The tunes themselves ranged from the Beatle’s Blackbird, an early morning quiet blanketing the hushed hall to Gershwin’s Rhapsody in Blue, an all-stops out thunder-and-lightning storm with fireworks at the same time. She played the most expressive 12-bar blues I’ve heard with nods to Errol Garner, Bud Powell, Art Tatum, Cecil Taylor and Thelonious Monk without being derivative or merely clever and some original compositions that continued to probe the corners of our capacity to think, to feel, to move. Her level of control, imagination, virtuosic technique and overall mastery of this difficult instrument made you wonder if she could rightly be considered to be in the same species as Marjorie Taylor Greene and her ilk.
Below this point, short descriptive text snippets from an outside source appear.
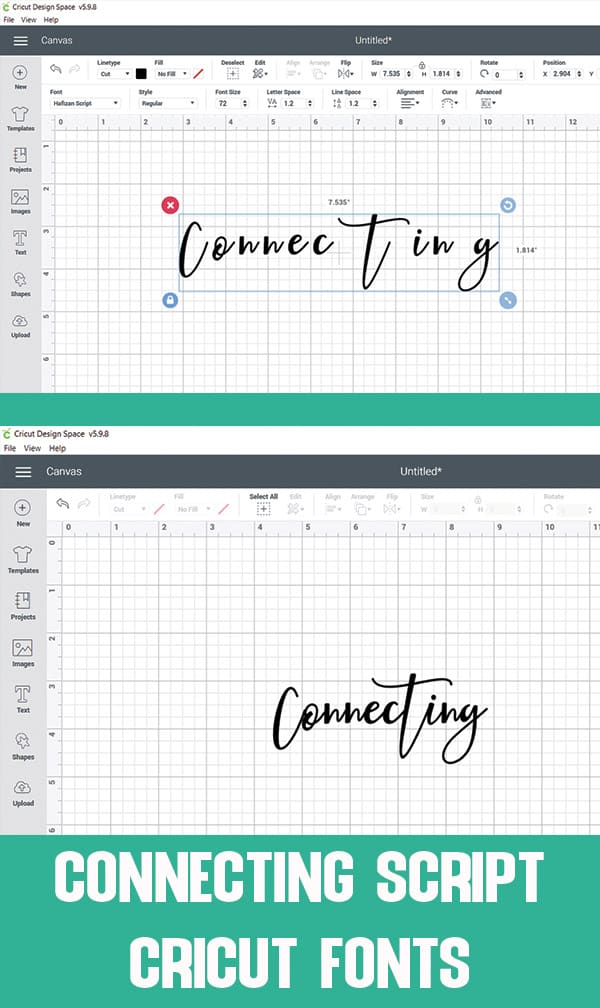 Connecting Script Cricut Fonts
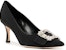 (W) Manolo Blahnik Tumit Runcing 'Tumit Kucing Hitam' 121-1791-0002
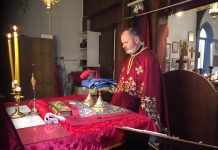 Света Литургија во црквата Свети Никола во Перт (7-ма Недела по Педесетница)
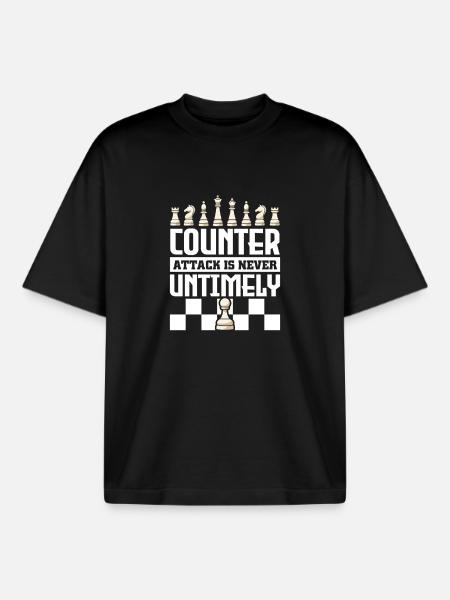 Chess Chess Player Chessboard - Boxy Heavyweight Unisex Organic T-Shirt by Stanley/Stella - black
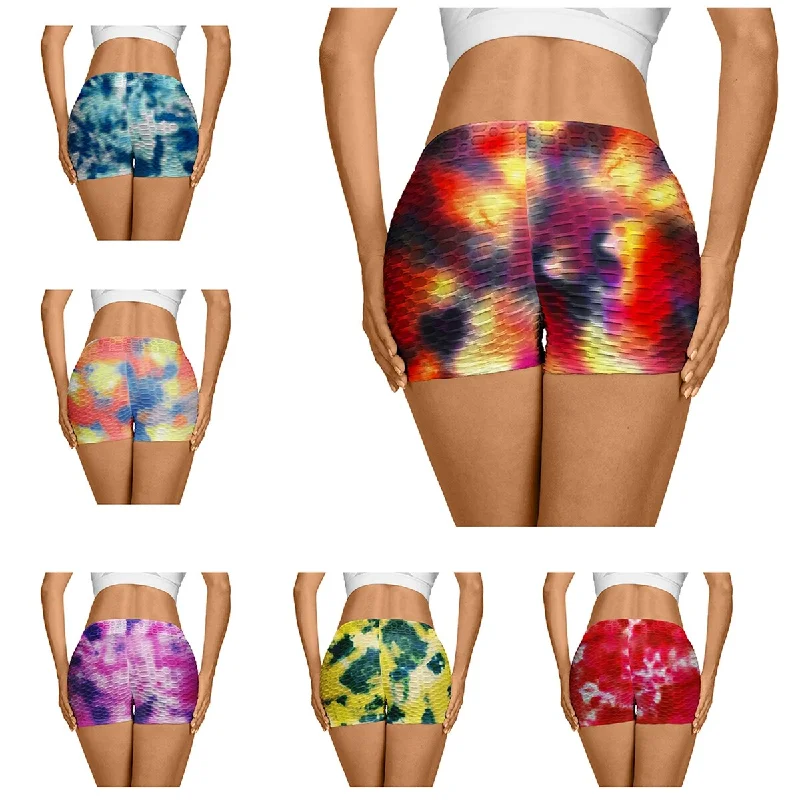 Womens Tie Dyed Low Waisted Workout Shorts Breathable Anti Cellulite Fabric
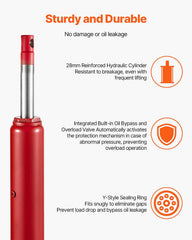 VEVOR piston plunger detail highlighting large-diameter cylinder and leak resistance
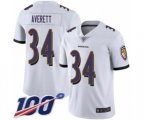 Baltimore Ravens #34 Anthony Averett White Vapor Untouchable Limited Player 100th Season Football Jersey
I left the concert with the feeling that I expect of the best concerts— I just got my butt thoroughly kicked and my complacency to just settle for what I currently know and can do shaken rudely awake with a shout “Get to work!!! It’s late!!!!!”— combined with the loving affirmation—“You can do and have done some of this. Just remember to vary your touch, reach up high and get down low, get your two hands conversing more freely beyond the cliched left hand chords/ right hand melody, stop just wiggling your fingers and get your whole body dancing and your face more transparent to the feelings evoked.”
As with the piano, so with our lives. Let’s get to work. It’s late.